Ainda sobre a precipitação ou não: esta também faz parte do espírito Nova Emoção. Por exemplo, a ÁSTATO ainda não está registada como empresa e já fala em exportações, já tem política editorial quanto à pirataria e a eventual venda de cópias não autorizadas na feira. Das conversas com a Nova Emoção surgiram frases como “Portugal vai estar na moda!” ou “Nova Emoção cita e é citada.” Quer isto dizer que o objectivo é a grande escala.
Claro que há vida para além do Busca-pólos e nós estamos atentos!
(Deixei este comentário no blog quando poderia ter feito pessoalmente. O objectivo é dar continuidade à discussão sobre o meu trabalho. Devo dizer que fico contente por esta estar a acontecer.)
Gostaríamos de dar mais uma vez uma pequena contribuição a esta conversa/debate.

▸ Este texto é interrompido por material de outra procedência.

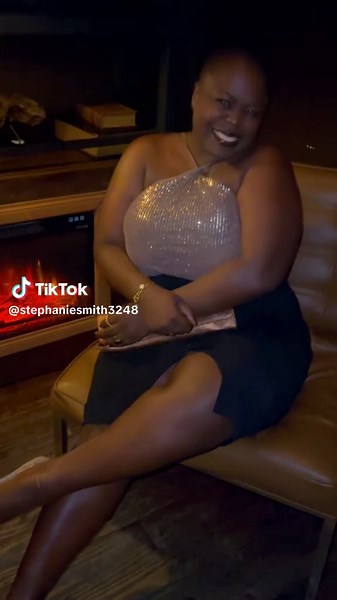 Vidéos de StephanieSmith (@stephaniesmith3248) avec son original - Buveur_2000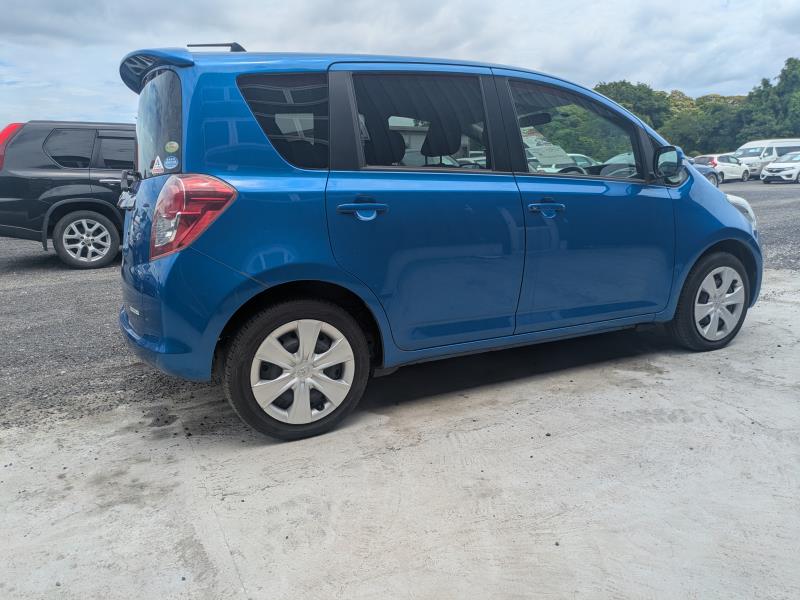 TOYOTA RACTIS 2010/4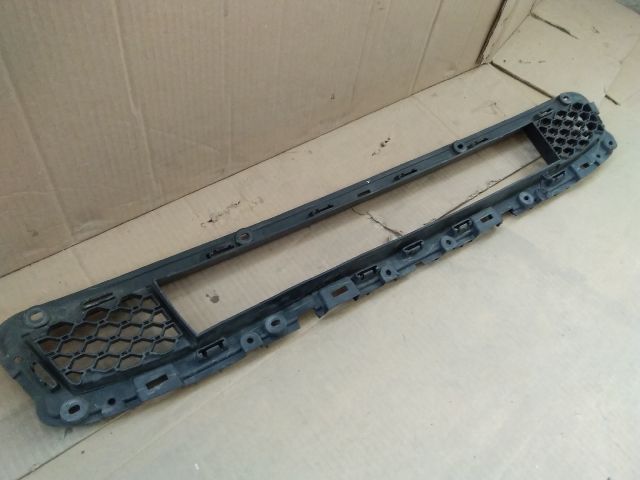 bontott FORD RANGER Első Lökhárító Alsó Középső Díszrács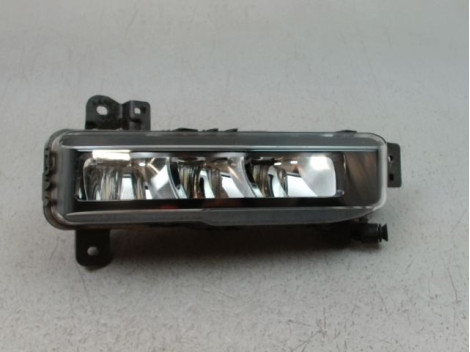 PHARE ANTIBROUILLARD AVANT DROIT BMW SERIE 1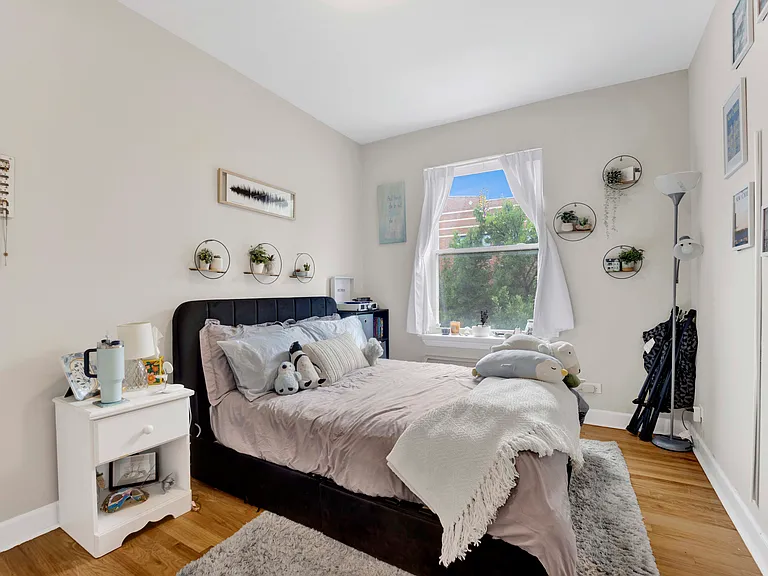 2456 N Hamlin Ave #3 — Photo 9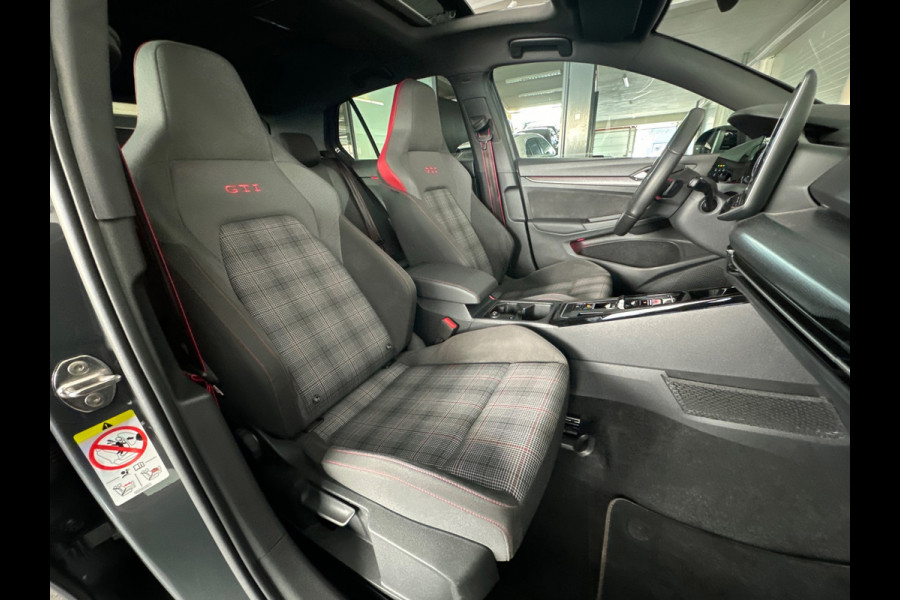 Volkswagen Golf 2.0 TSI GTI Pano|BTW|H/K|HuD|Camera|Trekhaak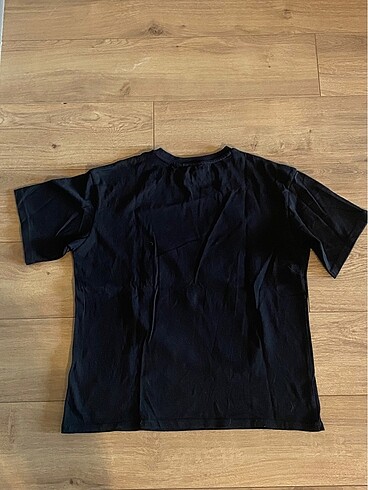 10 Yaş Beden H&M Wednesday tshirt 10-12 yaş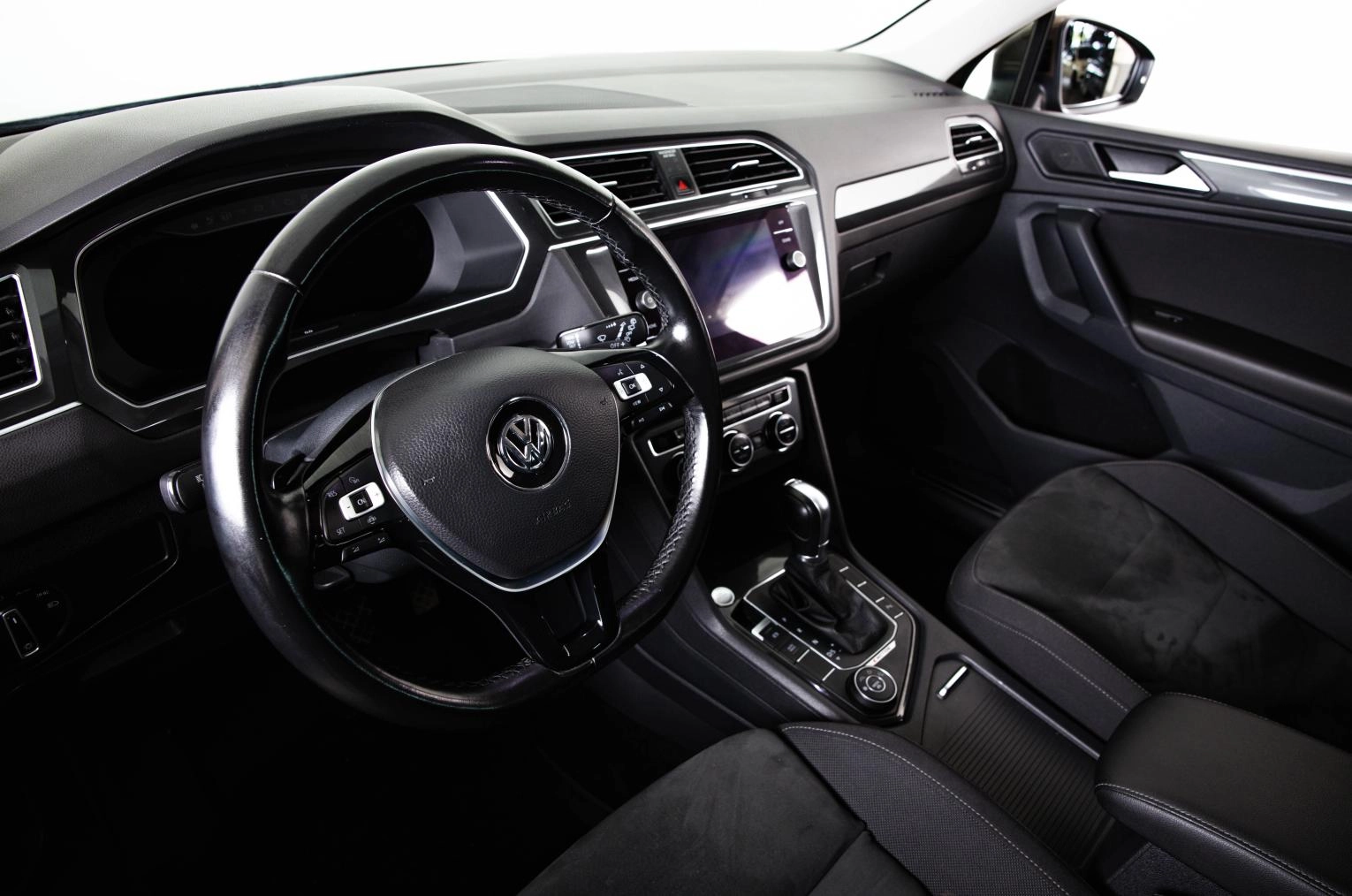 Volkswagen Tiguan 10 из 28
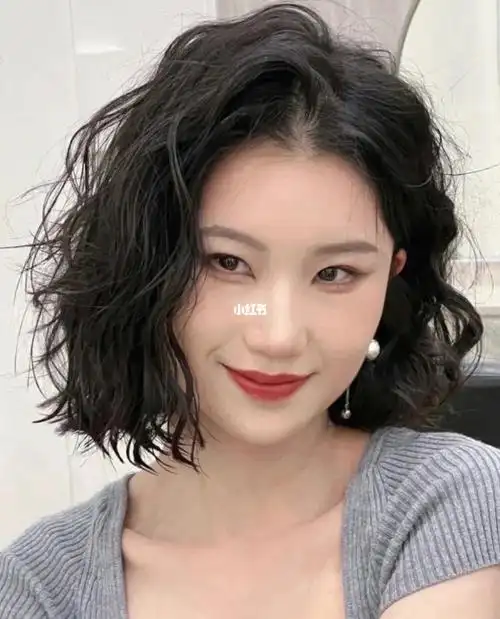短发烫发发尾千万不要烫成卷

Miguel Carneiro: julgo que ainda não nos conhecemos e ainda não nos cumprimentamos e celebramos a nossa amizade com um bater de palmas forte ou uma dança improvisada...mas queria-te dizer que revelaste ser um rapaz razoável e, acima de tudo, muito honesto.
Conseguiste ser directo a expor as tuas intensões no comment anterior e só consigo sentir que essa clareza de espírito vem de alguém que é sincero consigo e com os outros.
Para nós, sejas tu quem fores, venhas de onde vieres, vás para onde vás, nós acreditamos em ti e só esperamos o melhor!
A Caldeira 213 foi fundamental. Eu nem sei o que seria deste espaços se não tivesse existido a Caldeira, e as actividades organizadas pelo Zé Maia e João Sousa Cardoso.
mt bem! monte da penha tá a subir de nível! wacky on fire com + de 100 visitas! polémica, kero mais polémica! vamos lá discutir! k ninguém volte a dizer k isto é um blog de broncos! nós usamos as mãos e as cabeças ( a de baixo principalmente)!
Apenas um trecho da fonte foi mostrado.